My own statement was based upon the very active Facebook group and comments I have observed going back a year or so now, where as you yourself note NIL reports of units catching fire, yet.

If you read the Facebook Group recently he has criticised my own installation, which is his want, in particular because I have not created a rise in the exhaust before the outlet. I disagree that my installation is unsafe from this aspect because in my view the exhaust outlet is sufficiently far enough above the water line and indeed well above other thru hull outlets also without higher rising pipes, e.g. two bilge pump outlets, which are situated beneath the internal deck level below my heater, and these have been standard set up on this marque of boat for over 30 years - none have sunk. Having the exhaust run downhill all the way from the heater will allow any excess fuel to simply drain away, rather that create vast clouds of smoke which is a common occurrence where exhausts trap unburnt puddles of fuel.
 

Heckler

Active member
Joined
24 Feb 2003
Messages
15,818
Visit site
On my installation all the ducts run in otherwise sealed / unused spaces not used for storage, so the somewhat loose double aluminium skin with rock wool layer is just fine. I did use some semi rigid aluminium ducting on the longer run ( https://www.ebay.co.uk/itm/2-5m-Alu...var=461873780568&_trksid=p2057872.m2749.l2649 ), and used the outer layers only from the other style of ducting, held in place with several loops of 3M Duct tape.
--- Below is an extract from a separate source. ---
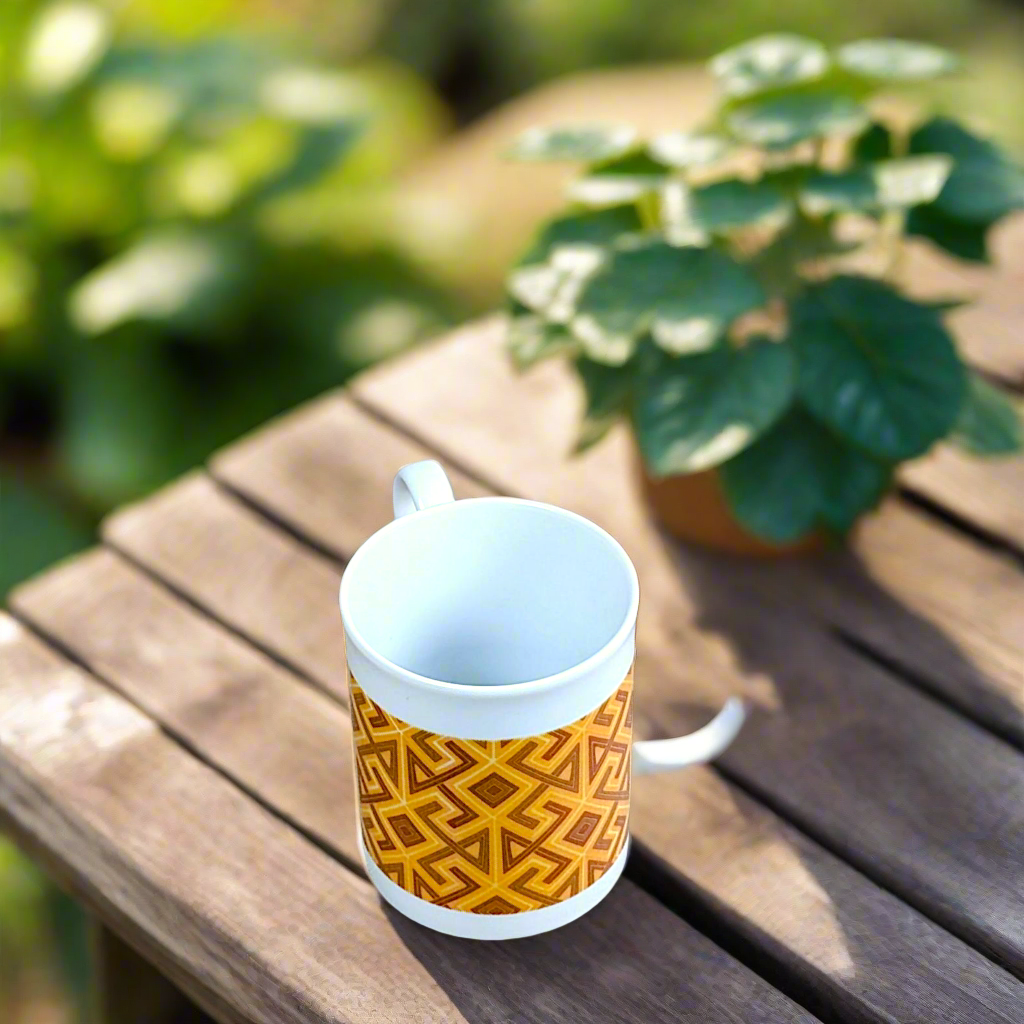 Coffret petit déjeuner en porcelaine fine française, orné d’un  motif bande ethnique d'Afrique "#Ntshak (du peuple Kuba Ethnie shouwa du Congo) composé d'une petite assiette, d'un grand bol et d'un MUG, présentés dans une boîte prestige.
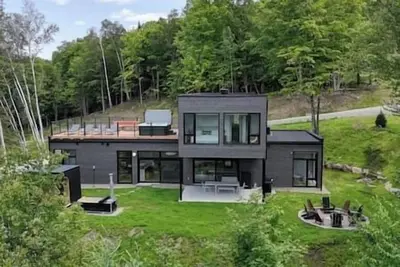 Image de Ultra Luxurious & Modern Oasis: Private Spa/Sauna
Not particularly attractive but certainly effective.

However, for your set up 10mm Armaflex sheet wrapped around and glued with contact adhesive would provide a neater and effective set up, especially if you can put the glue line out of sight, although I would suggest not using the armaflex for the first 0.5m or so from the heater itself, where the temperature potential from the heater is at its highest.
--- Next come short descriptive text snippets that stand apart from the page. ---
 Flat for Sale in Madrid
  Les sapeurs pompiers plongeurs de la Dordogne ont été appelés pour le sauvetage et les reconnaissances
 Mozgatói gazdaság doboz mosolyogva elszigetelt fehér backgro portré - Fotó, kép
On my set up I have a 75mm outlet ~ 0.5m from the heater outlet via a 90o position from an 80mm 4 way tee and I haven't insulated this section, using the ducting supplied with the heater for this part. I have added a damper flap that can reduce but not entirely shut off this outlet, to ensure the more distant outlets get their fair share of the air flow. The other two runs to the fwd and aft cabins are ~2 & 4m runs ending in smaller 60mm adjustable / closable vent outlets. I have found that the outlet temperature from all three vents is similar, and hot on the hand not just warm. Even when the main cabin and controller reaches the set point and the heater settles back to idle the air flow from the distant outlets remains nice and warm and positive to these cabins.
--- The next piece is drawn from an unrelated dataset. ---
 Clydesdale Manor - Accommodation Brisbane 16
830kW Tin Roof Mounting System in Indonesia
The fwd vent will likely find itself closed if used at night because it is right above my daughters berth. For the aft cabin where the outlet sits at the cabin entrance I may remove the closable vents or glue them in position because to maintain full flow cross section at the outlets and with the flow control damper on the primary outlet perhaps in the minimum flow position I may need at least one of the secondary outlets open. This would not be an issue at low heat load, but if the heater suddenly wound up to full, then having both secondary outlets closed with the damper also restricting the primary opening could create a back pressure which could lead to excessive duct temperatures.

I am going to measure the maximum duct surface temperature at the heater outlet with both distant ducts closed and the damper to the primary outlet set to minimum flow position to see if excessive duct surface temperature levels are reached.

I am also going to install an automatic fire extinguisher in the same compartment as the heater.

Heater & Vent system schematic layout ...

Boadicea%20-%204%20Heater%20%26%20Vent%20layout.PDF


Picture of heater with 4 way Tee and primary vent outlet - the opening normally has a closure panel with vent grill installed (NB BEFORE I fitted the exhaust pipe, and the silencer is fully sealed type) ...

Boadicea%20Heater%20%26%20Vent%20System%20-%201.jpg
Am well impressed with that neat installation!